Work order
In the entries that follow, find every line containing "Series" and copy it.
== Exercise data ==
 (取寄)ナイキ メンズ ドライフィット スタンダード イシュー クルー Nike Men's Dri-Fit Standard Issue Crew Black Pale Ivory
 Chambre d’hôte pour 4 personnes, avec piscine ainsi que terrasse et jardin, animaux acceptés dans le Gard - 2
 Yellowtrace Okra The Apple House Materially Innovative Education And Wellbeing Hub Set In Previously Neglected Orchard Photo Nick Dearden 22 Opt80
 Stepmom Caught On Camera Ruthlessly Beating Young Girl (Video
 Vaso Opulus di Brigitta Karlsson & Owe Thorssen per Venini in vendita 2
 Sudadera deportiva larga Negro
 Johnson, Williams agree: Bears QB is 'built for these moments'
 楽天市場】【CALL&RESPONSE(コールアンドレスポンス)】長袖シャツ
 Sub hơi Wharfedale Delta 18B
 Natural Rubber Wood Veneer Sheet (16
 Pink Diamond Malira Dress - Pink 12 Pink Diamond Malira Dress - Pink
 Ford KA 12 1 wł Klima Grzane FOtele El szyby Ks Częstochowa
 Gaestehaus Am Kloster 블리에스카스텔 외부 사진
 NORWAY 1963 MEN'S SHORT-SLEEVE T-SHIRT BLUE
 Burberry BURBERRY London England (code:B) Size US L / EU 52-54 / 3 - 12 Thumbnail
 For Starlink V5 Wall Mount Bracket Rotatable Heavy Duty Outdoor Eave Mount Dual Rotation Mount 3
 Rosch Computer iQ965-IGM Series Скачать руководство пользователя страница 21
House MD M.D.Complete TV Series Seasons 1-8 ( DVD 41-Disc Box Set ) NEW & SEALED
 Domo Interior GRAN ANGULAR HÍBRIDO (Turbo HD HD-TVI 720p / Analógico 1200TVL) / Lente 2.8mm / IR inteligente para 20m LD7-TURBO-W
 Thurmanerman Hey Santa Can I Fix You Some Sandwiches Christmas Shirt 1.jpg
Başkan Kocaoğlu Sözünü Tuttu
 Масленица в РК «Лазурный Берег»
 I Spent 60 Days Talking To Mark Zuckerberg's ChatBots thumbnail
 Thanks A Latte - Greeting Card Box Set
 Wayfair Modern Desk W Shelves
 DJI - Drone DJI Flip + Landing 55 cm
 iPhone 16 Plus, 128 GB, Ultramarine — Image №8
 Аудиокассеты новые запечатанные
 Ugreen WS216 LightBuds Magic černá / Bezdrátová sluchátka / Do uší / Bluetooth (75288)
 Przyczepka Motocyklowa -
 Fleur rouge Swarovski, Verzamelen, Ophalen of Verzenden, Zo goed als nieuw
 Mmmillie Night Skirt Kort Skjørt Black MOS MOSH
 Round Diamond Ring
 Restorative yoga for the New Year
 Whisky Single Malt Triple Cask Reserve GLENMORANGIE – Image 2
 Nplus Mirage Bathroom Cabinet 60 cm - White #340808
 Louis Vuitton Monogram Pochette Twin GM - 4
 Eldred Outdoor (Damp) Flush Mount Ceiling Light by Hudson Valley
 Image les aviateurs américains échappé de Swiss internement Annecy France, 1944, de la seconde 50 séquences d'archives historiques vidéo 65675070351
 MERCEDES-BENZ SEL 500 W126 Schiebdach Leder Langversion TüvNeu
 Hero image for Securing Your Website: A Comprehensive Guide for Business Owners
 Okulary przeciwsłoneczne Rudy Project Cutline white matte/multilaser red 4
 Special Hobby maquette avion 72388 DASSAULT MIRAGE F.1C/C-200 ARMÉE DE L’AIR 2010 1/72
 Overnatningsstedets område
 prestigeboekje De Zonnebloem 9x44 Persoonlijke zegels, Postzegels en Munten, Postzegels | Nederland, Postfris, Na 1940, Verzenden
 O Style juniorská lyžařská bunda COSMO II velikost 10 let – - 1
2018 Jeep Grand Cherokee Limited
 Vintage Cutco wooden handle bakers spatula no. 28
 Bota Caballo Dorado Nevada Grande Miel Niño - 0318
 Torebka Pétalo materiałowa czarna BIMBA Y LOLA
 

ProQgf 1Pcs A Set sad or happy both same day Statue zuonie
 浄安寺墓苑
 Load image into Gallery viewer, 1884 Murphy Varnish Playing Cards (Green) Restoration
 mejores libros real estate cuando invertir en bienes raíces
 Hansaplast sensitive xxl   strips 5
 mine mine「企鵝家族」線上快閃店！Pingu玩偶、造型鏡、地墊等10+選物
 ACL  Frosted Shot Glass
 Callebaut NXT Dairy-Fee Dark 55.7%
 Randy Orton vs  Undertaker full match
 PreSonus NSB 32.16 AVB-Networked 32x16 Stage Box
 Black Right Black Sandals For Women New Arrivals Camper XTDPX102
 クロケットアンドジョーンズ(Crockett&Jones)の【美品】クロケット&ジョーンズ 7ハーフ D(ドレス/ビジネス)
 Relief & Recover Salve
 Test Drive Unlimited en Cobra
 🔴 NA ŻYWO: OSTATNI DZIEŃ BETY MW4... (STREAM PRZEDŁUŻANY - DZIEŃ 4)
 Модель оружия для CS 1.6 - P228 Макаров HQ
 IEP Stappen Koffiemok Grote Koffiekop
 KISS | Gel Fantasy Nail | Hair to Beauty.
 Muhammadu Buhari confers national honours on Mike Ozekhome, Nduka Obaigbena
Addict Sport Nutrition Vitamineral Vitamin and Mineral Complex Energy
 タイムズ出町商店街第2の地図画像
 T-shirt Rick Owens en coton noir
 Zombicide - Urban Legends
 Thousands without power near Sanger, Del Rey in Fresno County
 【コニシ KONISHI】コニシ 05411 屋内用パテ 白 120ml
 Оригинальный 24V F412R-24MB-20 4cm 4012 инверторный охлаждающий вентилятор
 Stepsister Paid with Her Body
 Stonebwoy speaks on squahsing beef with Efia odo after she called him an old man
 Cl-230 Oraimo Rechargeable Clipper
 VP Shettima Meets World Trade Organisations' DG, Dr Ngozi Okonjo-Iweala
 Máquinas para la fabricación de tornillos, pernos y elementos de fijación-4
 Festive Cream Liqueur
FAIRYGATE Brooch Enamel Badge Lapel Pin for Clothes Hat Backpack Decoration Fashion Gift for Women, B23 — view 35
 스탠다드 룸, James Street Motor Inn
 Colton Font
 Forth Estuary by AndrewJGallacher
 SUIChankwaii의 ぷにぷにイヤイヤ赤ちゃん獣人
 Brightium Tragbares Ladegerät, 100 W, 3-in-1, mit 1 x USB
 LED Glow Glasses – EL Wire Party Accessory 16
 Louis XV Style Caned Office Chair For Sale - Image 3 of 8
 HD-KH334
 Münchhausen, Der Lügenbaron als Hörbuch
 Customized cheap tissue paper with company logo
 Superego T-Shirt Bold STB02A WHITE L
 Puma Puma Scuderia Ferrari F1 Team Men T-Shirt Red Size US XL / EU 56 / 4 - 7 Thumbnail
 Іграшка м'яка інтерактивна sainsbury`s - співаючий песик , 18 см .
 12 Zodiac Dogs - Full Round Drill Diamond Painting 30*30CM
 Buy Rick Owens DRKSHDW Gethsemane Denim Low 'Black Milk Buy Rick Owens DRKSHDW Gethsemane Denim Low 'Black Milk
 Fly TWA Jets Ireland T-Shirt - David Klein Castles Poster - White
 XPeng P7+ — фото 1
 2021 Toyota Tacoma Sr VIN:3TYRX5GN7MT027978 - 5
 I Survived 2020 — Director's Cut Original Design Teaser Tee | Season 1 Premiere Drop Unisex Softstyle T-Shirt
===
Reply to the exercise
 Rosch Computer iQ965-IGM Series Скачать руководство пользователя страница 21
House MD M.D.Complete TV Series Seasons 1-8 ( DVD 41-Disc Box Set ) NEW & SEALED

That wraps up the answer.